L’exemple du Kenya illustre deux points qui me paraissent essentiels :
· La fin de la colonisation qui finalement est récente (qu’est-ce que 44 ans dans l’histoire d’un pays ?), laisse les pays concernés dans des marasmes politiques et identitaires désastreux. En effet, comment retrouver une autonomie et des capacités démocratiques quand l’ensemble d’un peuple a été dominé sur plusieurs générations puis mis sous perfusion à coup de subventions, laissant encore croire à ces mêmes peuples qu’ils n’ont effectivement aucune propension à pouvoir s’assumer ? La colonisation non plus politique et idéologique, mais financière ! L’obséquieux cercle vicieux du dominant exigeant des ordres et donnant quelques offrandes, et du dominé quémandant son dû par habitude. Cette hypothèse est renchérie quant à l’appropriation du pouvoir par des hommes aux comportements plus dictatoriaux que démocratiques, s’accaparant les subventions distribuées, en toute impunité.
· Le libéralisme économique n’est pas pourvoyeur d’équilibre économique, social et culturel et ne permet que l’écrasement de la majorité d’une population par une frange ridicule de nantis. Les pays dits développés s’obstinent depuis des siècles à imposer leur doctrine économique, basée sur la consommation et la croissance en refusant toutes autres alternatives ; en effet, que cela soit dans les Amériques ou en Afrique, les populations ont toujours été nommées « sauvages ». Derrière ce terme se cache l’impossible acceptation d’autres règles économiques, sociales, humaines, culturelles.

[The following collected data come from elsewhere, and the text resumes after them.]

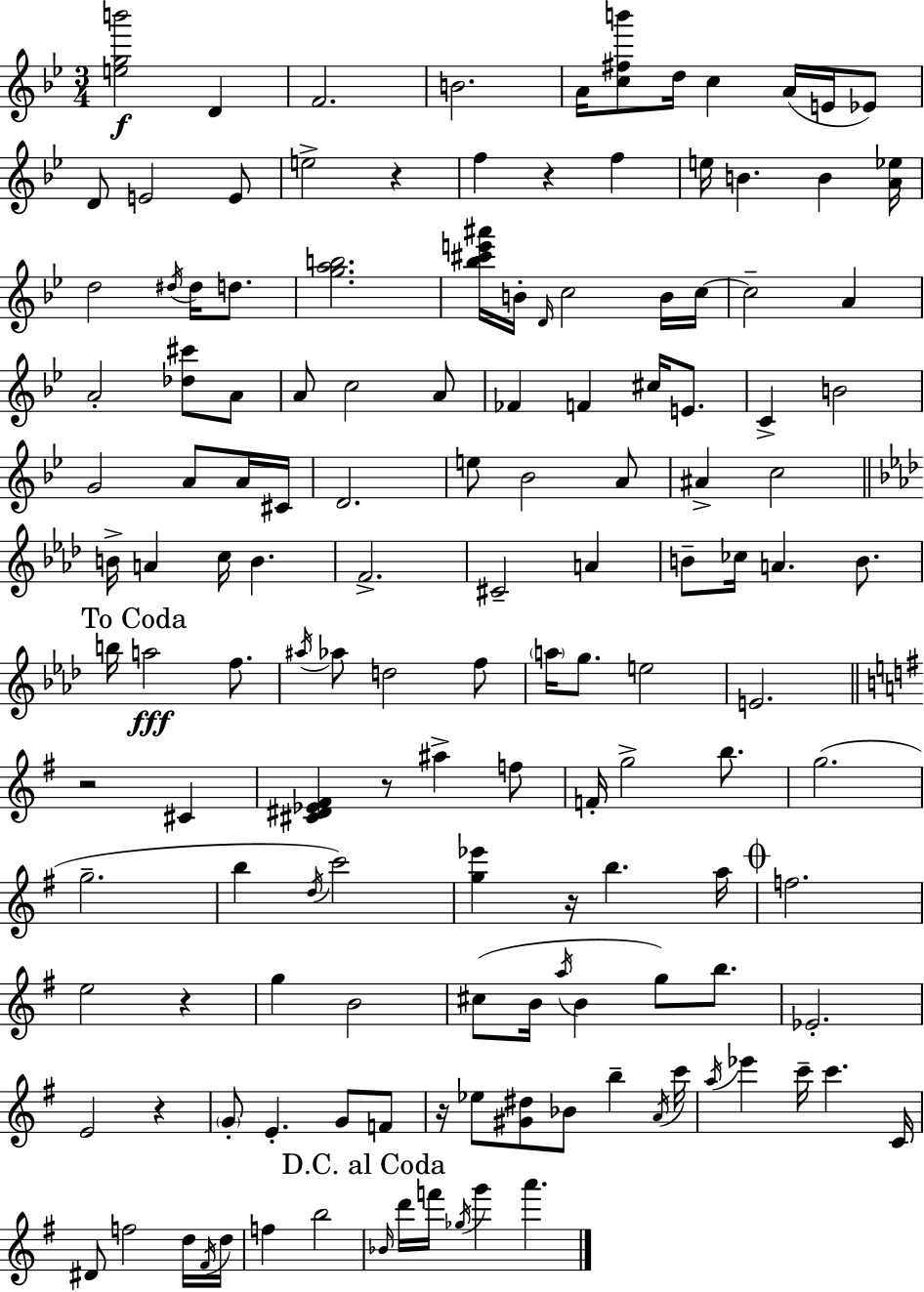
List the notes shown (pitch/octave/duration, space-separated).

[E5,G5,B6]/h D4/q F4/h. B4/h. A4/s [C5,F#5,B6]/e D5/s C5/q A4/s E4/s Eb4/e D4/e E4/h E4/e E5/h R/q F5/q R/q F5/q E5/s B4/q. B4/q [A4,Eb5]/s D5/h D#5/s D#5/s D5/e. [G5,A5,B5]/h. [Bb5,C#6,E6,A#6]/s B4/s D4/s C5/h B4/s C5/s C5/h A4/q A4/h [Db5,C#6]/e A4/e A4/e C5/h A4/e FES4/q F4/q C#5/s E4/e. C4/q B4/h G4/h A4/e A4/s C#4/s D4/h. E5/e Bb4/h A4/e A#4/q C5/h B4/s A4/q C5/s B4/q. F4/h. C#4/h A4/q B4/e CES5/s A4/q. B4/e. B5/s A5/h F5/e. A#5/s Ab5/e D5/h F5/e A5/s G5/e. E5/h E4/h. R/h C#4/q [C#4,D#4,Eb4,F#4]/q R/e A#5/q F5/e F4/s G5/h B5/e. G5/h. G5/h. B5/q D5/s C6/h [G5,Eb6]/q R/s B5/q. A5/s F5/h. E5/h R/q G5/q B4/h C#5/e B4/s A5/s B4/q G5/e B5/e. Eb4/h. E4/h R/q G4/e E4/q. G4/e F4/e R/s Eb5/e [G#4,D#5]/e Bb4/e B5/q A4/s C6/s A5/s Eb6/q C6/s C6/q. C4/s D#4/e F5/h D5/s F#4/s D5/s F5/q B5/h Bb4/s D6/s F6/s Gb5/s G6/q A6/q.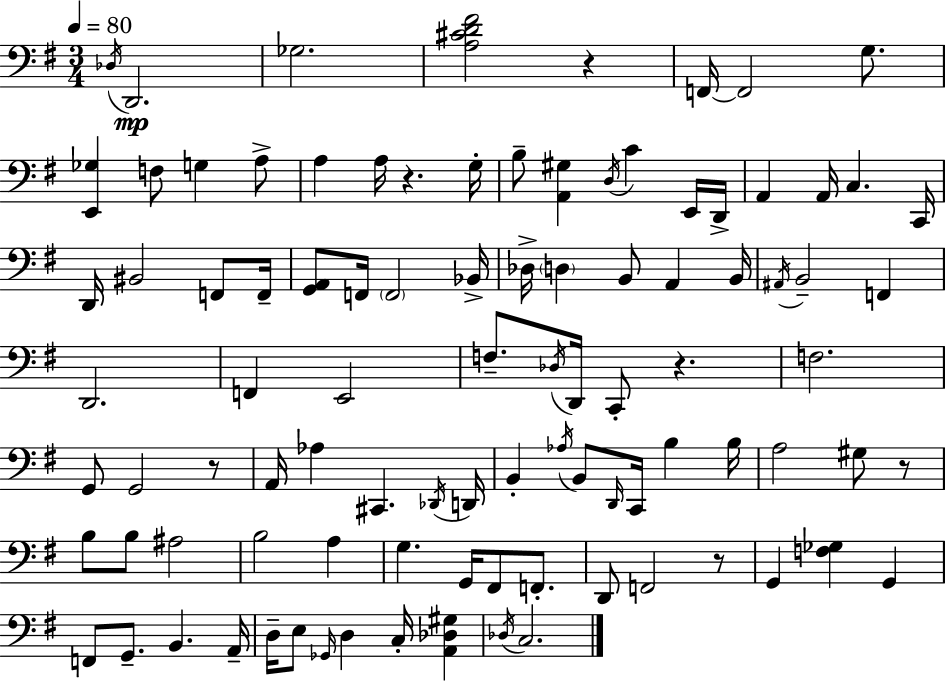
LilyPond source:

{
  \clef bass
  \numericTimeSignature
  \time 3/4
  \key e \minor
  \tempo 4 = 80
  \acciaccatura { des16 }\mp d,2. | ges2. | <a cis' d' fis'>2 r4 | f,16~~ f,2 g8. | \break <e, ges>4 f8 g4 a8-> | a4 a16 r4. | g16-. b8-- <a, gis>4 \acciaccatura { d16 } c'4 | e,16 d,16-> a,4 a,16 c4. | \break c,16 d,16 bis,2 f,8 | f,16-- <g, a,>8 f,16 \parenthesize f,2 | bes,16-> des16-> \parenthesize d4 b,8 a,4 | b,16 \acciaccatura { ais,16 } b,2-- f,4 | \break d,2. | f,4 e,2 | f8.-- \acciaccatura { des16 } d,16 c,8-. r4. | f2. | \break g,8 g,2 | r8 a,16 aes4 cis,4. | \acciaccatura { des,16 } d,16 b,4-. \acciaccatura { aes16 } b,8 | \grace { d,16 } c,16 b4 b16 a2 | \break gis8 r8 b8 b8 ais2 | b2 | a4 g4. | g,16 fis,8 f,8.-. d,8 f,2 | \break r8 g,4 <f ges>4 | g,4 f,8 g,8.-- | b,4. a,16-- d16-- e8 \grace { ges,16 } d4 | c16-. <a, des gis>4 \acciaccatura { des16 } c2. | \break \bar "|."
}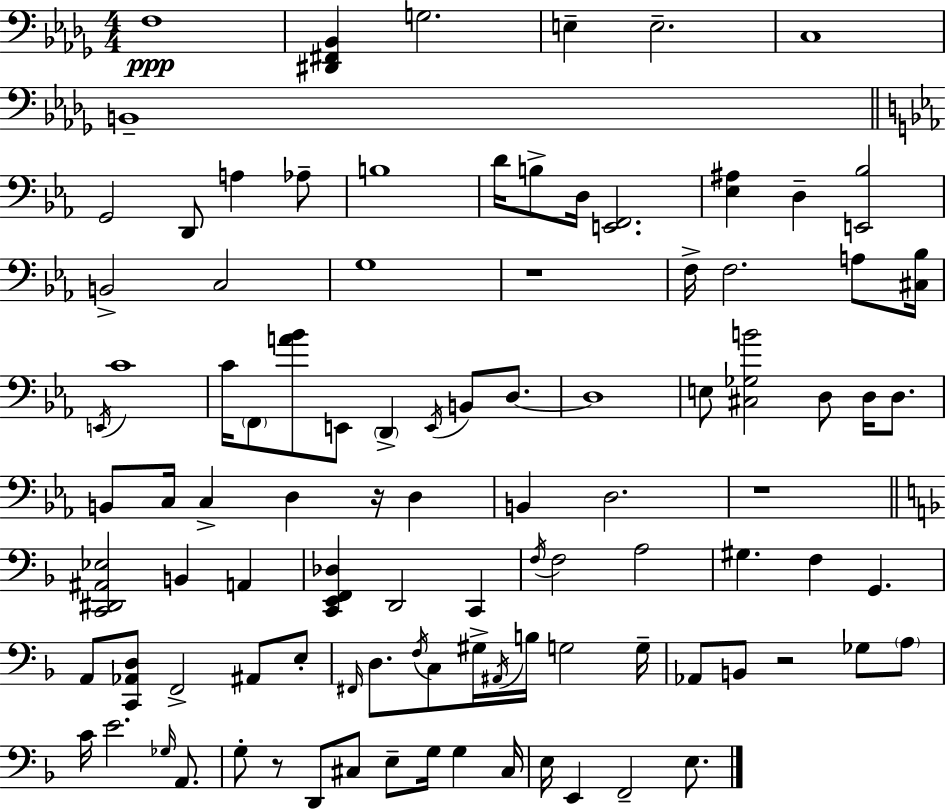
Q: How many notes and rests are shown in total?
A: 99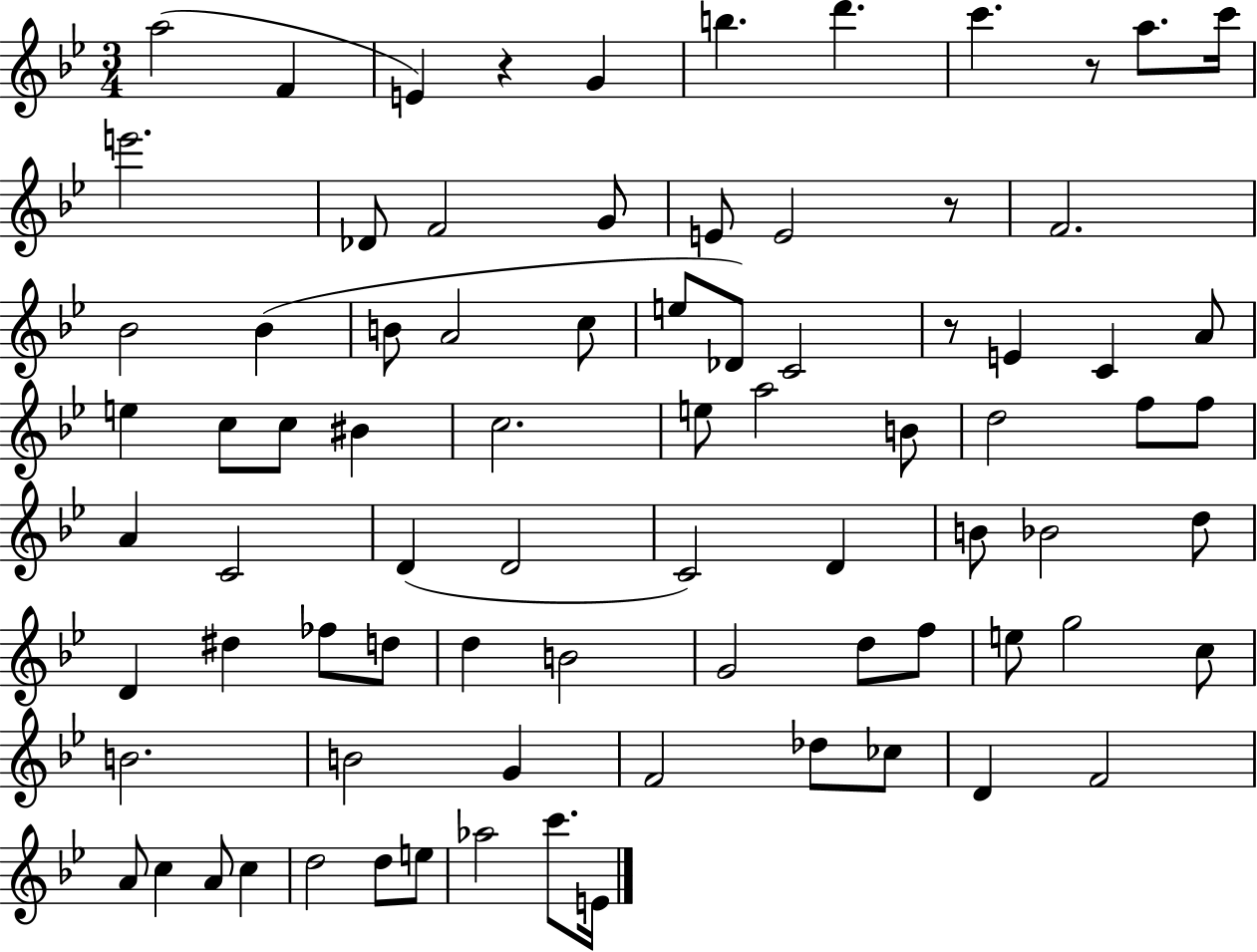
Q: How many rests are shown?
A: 4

Ces deux constats démontrent qu’une inévitable tension est persistante et latente dans le cœur de tous ces peuples. Que se sont transmis toutes ces générations d’individus vis-à-vis du colon et des autres tribus (il y en a plus de 40 au Kenya) ? Quel système structurel existait avant la colonisation ? Quelles places ont-elles eues, chacune, lorsque l’Angleterre dirigeait le pays ?
L’humiliation est un sentiment qui, je pense, se nourrit de frustrations personnelles et intergénérationnelles et qui souvent provoque un besoin viscéral de vengeance. Malheureusement, au fil des années, quand celui qui est à l’origine de l’humiliation n’a plus de visage et que les motifs primaires sont troubles et déformés par le temps, les actes de vengeance peuvent être totalement aveugles et s’adresser à des inconnus. Cette spécificité comportementale humaine est dérangeante surtout quand elle a un caractère non plus intime, mais collectif. L’absence de perspective est le sel qui vient piquer les plaies béantes.
Il est important de regarder notre propre histoire européenne pour ne pas glisser vers une trop naïve et facile conclusion en affirmant que les violences au Kenya sont un simple conflit tribal.